Choc Chip Peanut Butter Muffins
Making muffins from scratch is so easy and these Choc Chip Peanut Butter Muffins have stacks of flavour too.
Servings 12 muffins
- 1 cup (130g) plain (AP) flour
- 1 cup (130g) wholemeal (whole wheat) flour
- 3/4 cup (150g) white sugar
- 1 1/2 teaspoons baking powder
- 1/2 teaspoon baking (bicarb) soda
- 1/4 teaspoon salt
- 200 g (1 cup) dark choc chips
- 2 large eggs
- 3/4 cup (180ml) whole milk
- 1/2 cup smooth natural peanut butter
- 1 teaspoon vanilla
- 6 teaspoons demerara sugar
Preheat the oven to 180C / 350F / 160C fan forced. Grease a 12 hole muffin tin or silicon muffin tray and set aside.
In a large bowl sift together the flours, sugar, baking powder, baking soda and salt. Add the choc chips and mix it well.
In a separate bowl whisk together the eggs, milk, peanut butter and vanilla until well mixed.
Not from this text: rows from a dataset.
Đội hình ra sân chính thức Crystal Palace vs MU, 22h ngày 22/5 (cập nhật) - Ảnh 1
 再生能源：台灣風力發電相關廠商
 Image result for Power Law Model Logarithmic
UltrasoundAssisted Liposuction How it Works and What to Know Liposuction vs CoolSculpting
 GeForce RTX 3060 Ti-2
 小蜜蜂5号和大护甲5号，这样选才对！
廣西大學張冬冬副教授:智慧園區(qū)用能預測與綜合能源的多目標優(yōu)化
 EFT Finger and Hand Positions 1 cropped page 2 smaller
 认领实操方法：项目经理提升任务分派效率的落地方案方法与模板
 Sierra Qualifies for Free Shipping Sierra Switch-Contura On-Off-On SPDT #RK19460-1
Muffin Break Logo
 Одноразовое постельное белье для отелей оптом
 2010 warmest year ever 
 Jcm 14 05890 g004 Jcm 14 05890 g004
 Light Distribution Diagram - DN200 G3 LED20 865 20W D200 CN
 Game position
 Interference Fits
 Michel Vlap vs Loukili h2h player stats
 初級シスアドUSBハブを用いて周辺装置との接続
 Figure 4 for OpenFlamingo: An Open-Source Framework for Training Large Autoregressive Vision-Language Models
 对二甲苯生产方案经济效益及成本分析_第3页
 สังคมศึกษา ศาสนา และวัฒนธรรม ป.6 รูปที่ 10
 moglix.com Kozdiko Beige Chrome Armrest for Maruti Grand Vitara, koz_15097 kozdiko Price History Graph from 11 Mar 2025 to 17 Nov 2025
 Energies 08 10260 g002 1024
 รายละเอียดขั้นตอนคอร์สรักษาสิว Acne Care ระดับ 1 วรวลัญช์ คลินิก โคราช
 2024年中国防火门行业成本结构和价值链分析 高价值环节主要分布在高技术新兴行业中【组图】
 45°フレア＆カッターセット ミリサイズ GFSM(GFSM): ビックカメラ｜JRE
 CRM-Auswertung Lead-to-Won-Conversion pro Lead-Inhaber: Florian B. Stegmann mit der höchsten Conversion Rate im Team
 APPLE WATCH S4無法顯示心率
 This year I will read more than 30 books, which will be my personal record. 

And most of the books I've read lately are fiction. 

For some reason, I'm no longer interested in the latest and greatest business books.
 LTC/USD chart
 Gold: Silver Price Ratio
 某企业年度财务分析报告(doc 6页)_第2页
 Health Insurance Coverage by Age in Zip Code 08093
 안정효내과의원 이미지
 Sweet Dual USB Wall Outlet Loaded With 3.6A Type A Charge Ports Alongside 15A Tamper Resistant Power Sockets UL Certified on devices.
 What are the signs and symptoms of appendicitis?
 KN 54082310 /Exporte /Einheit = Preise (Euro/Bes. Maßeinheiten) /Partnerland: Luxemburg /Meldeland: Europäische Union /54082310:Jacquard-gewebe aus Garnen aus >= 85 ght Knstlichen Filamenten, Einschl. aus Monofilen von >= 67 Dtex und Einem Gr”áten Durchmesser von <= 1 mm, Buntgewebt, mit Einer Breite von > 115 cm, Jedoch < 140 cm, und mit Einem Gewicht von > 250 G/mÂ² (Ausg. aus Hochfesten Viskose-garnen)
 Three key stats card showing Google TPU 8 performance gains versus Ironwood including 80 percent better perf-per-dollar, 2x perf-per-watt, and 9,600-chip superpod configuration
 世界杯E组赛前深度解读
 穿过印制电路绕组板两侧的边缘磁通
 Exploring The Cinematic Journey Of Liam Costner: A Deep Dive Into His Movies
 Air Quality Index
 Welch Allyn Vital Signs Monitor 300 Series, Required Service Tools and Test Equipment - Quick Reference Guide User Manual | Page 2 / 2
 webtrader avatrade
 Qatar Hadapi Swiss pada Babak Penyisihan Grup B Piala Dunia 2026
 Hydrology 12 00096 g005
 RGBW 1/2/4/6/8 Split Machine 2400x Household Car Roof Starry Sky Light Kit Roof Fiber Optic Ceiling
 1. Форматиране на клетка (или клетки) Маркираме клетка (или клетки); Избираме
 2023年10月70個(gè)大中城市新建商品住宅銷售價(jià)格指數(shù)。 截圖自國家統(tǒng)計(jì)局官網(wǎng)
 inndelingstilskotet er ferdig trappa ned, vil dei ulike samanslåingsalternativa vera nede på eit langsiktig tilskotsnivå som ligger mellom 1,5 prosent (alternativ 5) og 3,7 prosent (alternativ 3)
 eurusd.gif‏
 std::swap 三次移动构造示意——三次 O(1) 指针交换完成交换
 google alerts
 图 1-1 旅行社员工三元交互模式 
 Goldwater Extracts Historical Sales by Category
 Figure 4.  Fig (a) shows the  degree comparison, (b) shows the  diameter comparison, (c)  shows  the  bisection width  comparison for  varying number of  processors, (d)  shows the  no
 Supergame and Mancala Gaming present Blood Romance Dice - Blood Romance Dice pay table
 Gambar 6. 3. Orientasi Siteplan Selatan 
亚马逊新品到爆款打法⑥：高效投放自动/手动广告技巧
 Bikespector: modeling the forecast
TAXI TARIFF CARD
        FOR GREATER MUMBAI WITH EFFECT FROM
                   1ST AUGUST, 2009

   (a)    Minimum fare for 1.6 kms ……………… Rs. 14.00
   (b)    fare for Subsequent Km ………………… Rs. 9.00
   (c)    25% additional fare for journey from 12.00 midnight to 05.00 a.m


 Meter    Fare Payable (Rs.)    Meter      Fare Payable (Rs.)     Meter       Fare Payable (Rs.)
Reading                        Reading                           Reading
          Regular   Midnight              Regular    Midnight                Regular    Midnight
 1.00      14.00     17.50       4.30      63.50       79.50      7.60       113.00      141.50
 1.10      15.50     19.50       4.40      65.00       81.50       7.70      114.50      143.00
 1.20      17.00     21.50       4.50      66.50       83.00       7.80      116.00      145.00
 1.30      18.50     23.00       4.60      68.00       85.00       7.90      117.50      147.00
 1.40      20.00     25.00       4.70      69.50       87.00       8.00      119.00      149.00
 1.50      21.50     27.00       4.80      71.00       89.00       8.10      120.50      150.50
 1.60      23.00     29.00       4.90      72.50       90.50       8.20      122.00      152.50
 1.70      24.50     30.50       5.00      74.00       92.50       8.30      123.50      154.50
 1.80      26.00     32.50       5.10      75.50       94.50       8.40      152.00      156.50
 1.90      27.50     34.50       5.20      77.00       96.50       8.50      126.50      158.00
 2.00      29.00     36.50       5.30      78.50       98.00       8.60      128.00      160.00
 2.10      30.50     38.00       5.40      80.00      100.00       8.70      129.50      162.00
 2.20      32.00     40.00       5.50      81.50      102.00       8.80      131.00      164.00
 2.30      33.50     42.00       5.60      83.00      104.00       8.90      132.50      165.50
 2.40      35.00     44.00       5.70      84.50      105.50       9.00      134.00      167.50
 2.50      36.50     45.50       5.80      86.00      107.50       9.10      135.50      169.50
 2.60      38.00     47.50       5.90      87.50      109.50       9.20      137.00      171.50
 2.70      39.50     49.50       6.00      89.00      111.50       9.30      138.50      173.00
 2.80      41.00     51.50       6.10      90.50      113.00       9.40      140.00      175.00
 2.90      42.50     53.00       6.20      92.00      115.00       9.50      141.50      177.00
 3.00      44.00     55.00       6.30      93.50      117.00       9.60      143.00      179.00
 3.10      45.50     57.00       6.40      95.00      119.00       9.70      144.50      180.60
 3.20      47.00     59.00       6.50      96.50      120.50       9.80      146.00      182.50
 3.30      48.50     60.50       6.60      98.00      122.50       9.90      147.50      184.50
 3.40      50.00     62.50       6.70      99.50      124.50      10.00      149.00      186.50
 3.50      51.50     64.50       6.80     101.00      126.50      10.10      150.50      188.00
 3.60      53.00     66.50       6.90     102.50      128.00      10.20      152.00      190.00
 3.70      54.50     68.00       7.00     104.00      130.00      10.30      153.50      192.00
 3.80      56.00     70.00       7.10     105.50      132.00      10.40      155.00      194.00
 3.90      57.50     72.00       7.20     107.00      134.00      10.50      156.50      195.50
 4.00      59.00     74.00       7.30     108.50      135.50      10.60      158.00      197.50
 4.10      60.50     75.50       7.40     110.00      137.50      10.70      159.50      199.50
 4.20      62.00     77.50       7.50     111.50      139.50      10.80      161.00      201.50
Divide the batter equally among the 12 muffin holes and then sprinkle the demerara sugar over the tops.
Bake for around 20 minutes, turning the tray half way through, until a toothpick inserted comes out clean (you'll have to try to miss the choc chips though)
Eat immediately or wait until cool.
- For best results you should always weigh ingredients like flour and sugar. Kitchen scales are relatively cheap but if you can’t weigh the ingredients, use the spoon and level method (don’t scoop).